Australian Competition and Consumer Commission v News Corporation Ltd

Case

[1997] FCA 1175

31 OCTOBER 1997


IN THE FEDERAL COURT OF AUSTRALIA

NEW SOUTH WALES DISTRICT REGISTRY

NG 851  of   1997

BETWEEN:

AUSTRALIAN COMPETITION AND CONSUMER COMMISSION
APPLICANT

AND:

THE NEWS CORPORATION LIMITED
FIRST RESPONDENT

TELSTRA CORPORATION LIMITED
SECOND RESPONDENT

AUSTRALIS MEDIA LIMITED
THIRD RESPONDENT

JUDGE(S):

HILL J

DATE OF ORDER:

31 OCTOBER 1997

WHERE MADE:

SYDNEY

THE COURT ORDERS THAT:

  1. The affidavits and those parts of the affidavits referred to in the schedule attached and marked “A” (“affidavits confidential to solicitors”) be disclosed by Patricia Henry, Roger Featherston, Ian Pike, Yoland Chora and Rebecca Irwin (“Solicitors for Telstra”) only to the solicitors for the respondents who have signed confidentiality undertakings and to counsel for the respondents (“respondents’ solicitors and counsel”).

  1. The affidavits and those parts of the affidavits referred to in the schedule attached and marked “B” (“confidential affidavits”) be disclosed by the Solicitors for Telstra only to

(a)Bruce Akhurst, General Counsel, Telstra Corporation Limited;

(b)Moya Dodd, General Counsel, Telstra Multimedia Pty Limited;

(c)any other person approved in writing by the solicitor for the applicant and, if necessary, the solicitors for the respondents;

(collectively (“Telstra Representatives”)) and upon the Telstra Representatives signing a confidentiality undertaking in the form or a form substantially similar to the undertaking attached and marked “D”; and

(d)the respondents’ solicitors and counsel.

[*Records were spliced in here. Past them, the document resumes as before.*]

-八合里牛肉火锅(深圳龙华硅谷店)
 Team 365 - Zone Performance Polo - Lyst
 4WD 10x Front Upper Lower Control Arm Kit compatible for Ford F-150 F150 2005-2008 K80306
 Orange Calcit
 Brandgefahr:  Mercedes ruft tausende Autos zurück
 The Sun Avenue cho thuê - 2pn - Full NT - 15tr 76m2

  1. The Solicitors for Telstra and Telstra Representatives be entitled to disclose the affidavits and/or parts of the affidavits referred to in the schedule attached and marked “C” (“non-confidential affidavits”), being the affidavits that have not yet been read in these proceedings and are not subject to confidentiality orders, to the Australian Due Diligence Committee and the Due Diligence Oversight Committee for the Telstra Corporation Limited Share Sale.

  1. Second respondent to pay 50% of the costs of Optus Communications Pty Ltd and any other Optus company for which Mr R V Gyles QC and Mr D M Yates SC act.

Note:Settlement and entry of orders is dealt with in Order 36 of the Federal Court Rules.

SCHEDULE “A”

Affidavits confidential to solicitors

  • Affidavit of Gregory Lawrence Smith sworn 14 October 1997.

  • Affidavit of Peter George sworn 14 October 1997.

  • Affidavit of Paul Edward Jennings sworn 14 October 1997.

  • Affidavit of Gregory Paul Haustorfer sworn 14 October 1997.

  • Paragraphs 5 to 7, 9 to 14 and annexure A of the affidavit of Christopher John Anderson sworn 16 October 1997.

  • The percentage figures in paragraphs 25 and 46 and the exhibit PHD-1, PHD-2 and PHD-3 of the affidavit of Peter David Howell-Davies sworn 16 October 1997.

SCHEDULE “B”

Confidential affidavits

  • Paragraph 25 (with the percentage figure in sub-paragraph (b) masked), paragraph 26 and paragraph 46 (with the percentage figure in the second last line masked) of the affidavit of Peter David Howell-Davies sworn 16 October 1997.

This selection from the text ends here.